Zhuque-3 : la Chine réussit l’atterrissage d’un premier étage réutilisable
La Chine vient de franchir une nouvelle étape majeure dans le développement des lanceurs réutilisables. Ce mercredi 19 août 2026, la fusée Zhuque-3 de l’entreprise privée LandSpace a réussi à placer un satellite en orbite avant de faire revenir son premier étage et de le poser verticalement sur la terre ferme. Une première en Chine pour un étage orbital utilisant des jambes d’atterrissage.
La mission Zhuque-3 Y2 a décollé à 7 h 35, heure de Pékin, soit 1 h 35 en France métropolitaine, depuis la zone pilote d’innovation spatiale commerciale de Dongfeng, située dans le nord-ouest de la Chine, à proximité du centre spatial de Jiuquan.

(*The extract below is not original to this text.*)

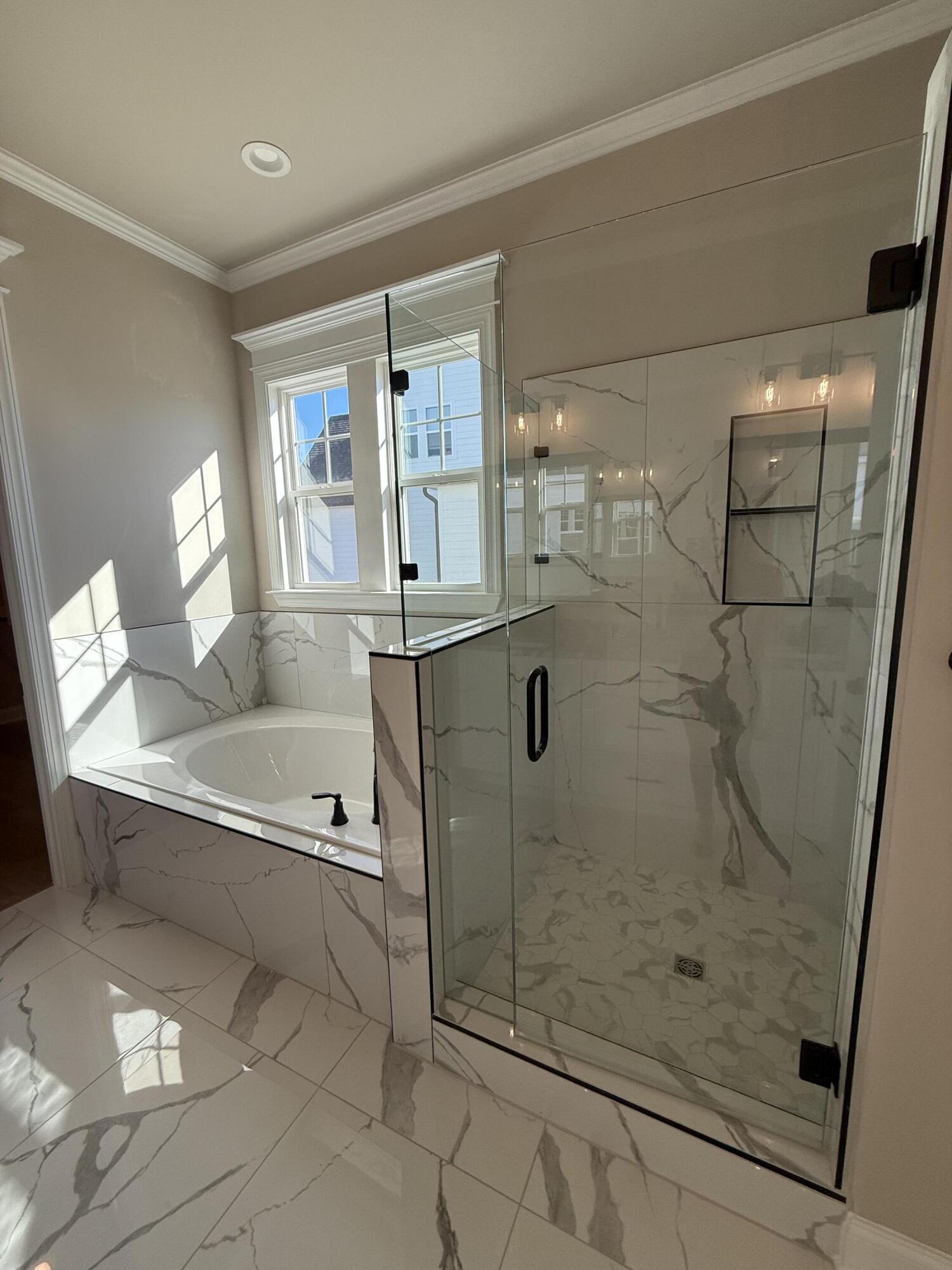 671 Whitney Shoals Road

Le décollage n’était toutefois qu’une première partie de la mission. Pour LandSpace, l’objectif principal était de réussir ce qui avait échoué lors du premier vol de Zhuque-3 en décembre 2025 : récupérer intact le premier étage après un véritable lancement orbital.
Cette fois, le pari est réussi.
Un premier étage qui revient se poser verticalement
Environ 137 secondes après le décollage, les deux étages de Zhuque-3 se sont séparés. Alors que le deuxième étage poursuivait son ascension vers l’orbite, le premier étage a commencé une séquence complexe destinée à le ramener vers la Terre.

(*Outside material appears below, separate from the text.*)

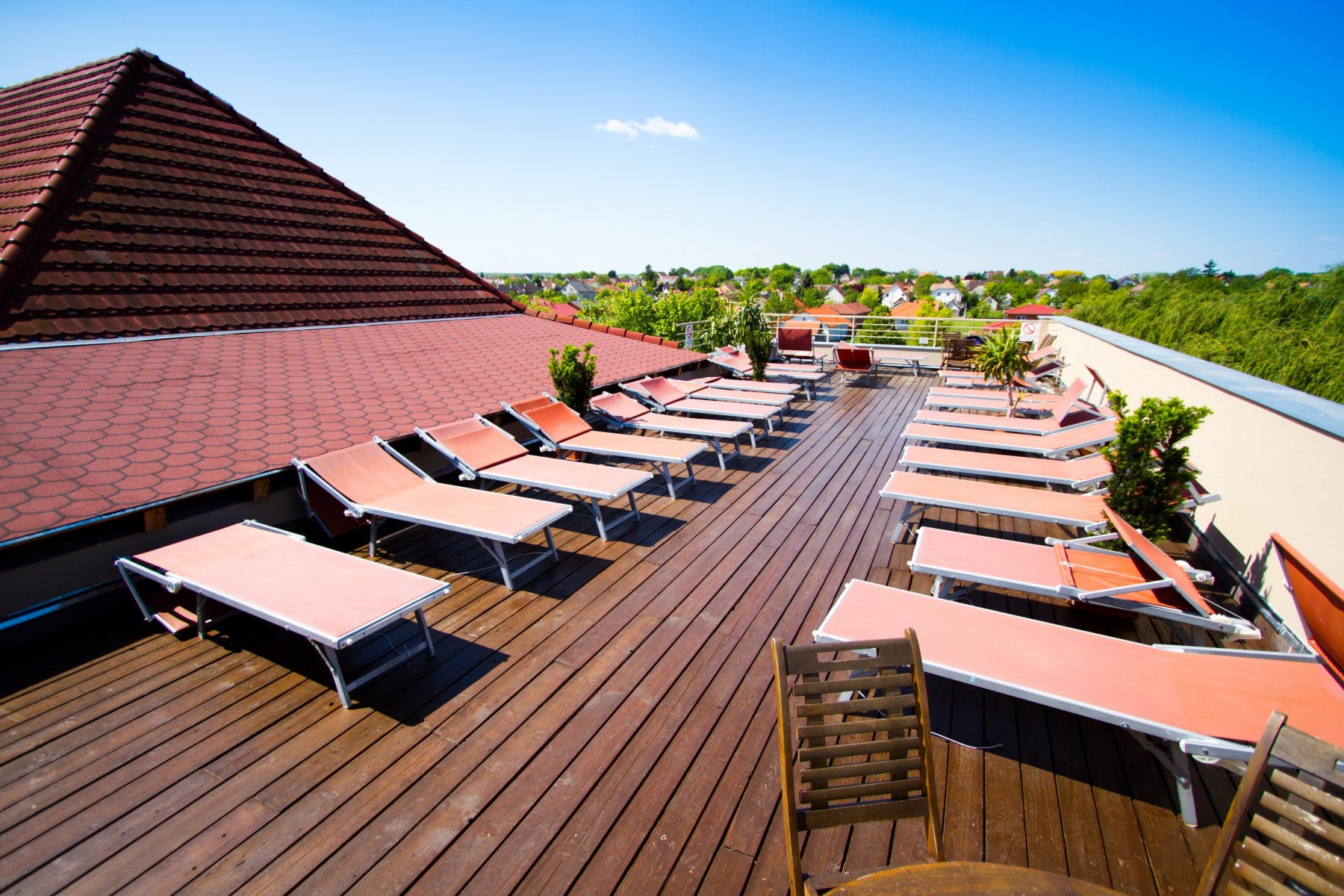 Hotel Piknik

Le booster a successivement effectué une modification de son orientation à haute altitude, une phase de décélération propulsive, une rentrée atmosphérique contrôlée, un vol aérodynamique guidé puis un nouvel allumage de ses moteurs avant le déploiement de ses jambes d’atterrissage.

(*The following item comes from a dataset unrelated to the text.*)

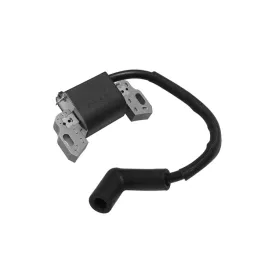 iskrownik-modul-zaplonowy-kosiarki-briggsandstratton-seria-450e-500e-550e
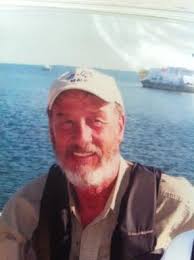 Richard Bopp died unexpectedly on Sunday, June 24, 2012. - 5608.med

Le premier étage s’est finalement posé verticalement sur la zone de récupération prévue à Minqin, dans la province chinoise du Gansu.
Selon les informations rapportées par Reuters, le site se trouve à environ 390 kilomètres au sud-est de la zone de lancement.
Pendant ce temps, le deuxième étage de Zhuque-3 a poursuivi normalement sa mission et placé le satellite Honghu-03 sur l’orbite prévue. LandSpace peut donc revendiquer à la fois le succès de la mission orbitale et celui de la récupération du booster.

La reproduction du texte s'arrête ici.